What great food we had at One Square: lovely ingredients, beautifully fresh, cooked skilfully. Perhaps my favourite was the tomato soup, a crystal clear, onion-skin pink consommé that captured the sweet, sharp essence of ripe tomatoes, with tiny cut courgette, baby leek, and garden peas floating in it alongside a poached duck egg. This dish had a Japanese quality, with its pure flavours, pretty transparency and juxtaposition of textures: the silky egg white and velvety yolk against the clean liquid.
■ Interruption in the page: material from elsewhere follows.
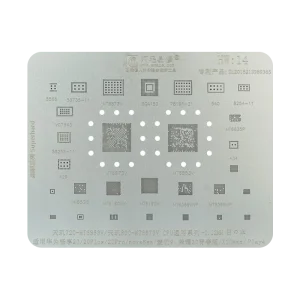 شابلون AMAOE HW:14 CPU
At £13, the Scrabster crab cake had to be excellent, and so it was, a substantial edifice of white claw meat so fresh it might have just been shelled, subtly aromatised with coriander, and lightly held together in the thinnest, crispest coating possible. Once again, it was delicate, but not dull, and a barely sweet, hauntingly piquant red pepper and cashew nut dice added a spike of excitement. The Cornish Dover sole, cooked on the bone, lubricated with brown shrimp, and parsley and caper burnt butter, was phenomenal. I have never eaten one fresher or larger. And the St Brides free-range chicken, served with griddled kohlrabi, firm, mealy summer peas, with a sensational chicken gravy and unctuous hazelnut dressing, maintained the same high standard in the poultry department. Side orders were not afterthoughts. Mashed Carroll's heritage potatoes, a suitably floury variety, had been passed through a potato ricer or mouli legumes, then left to the tender embrace of a generous measure of butter. Those welcome seasonal peas had been cooked with shallots softened with bacon lardons, then cosseted with cream.

On a hot evening we chose ice cream desserts, which was perhaps a mistake. They were fine - carrot and orange sorbet with cream cheese and walnut, and a svelte After Eight mint sphere with hot chocolate sauce - but didn't hit the high notes of the savouries.

Still, in an unpromising place, One Square is a find, a restaurant that's fit for much more than serving club sandwiches to jaded tourists.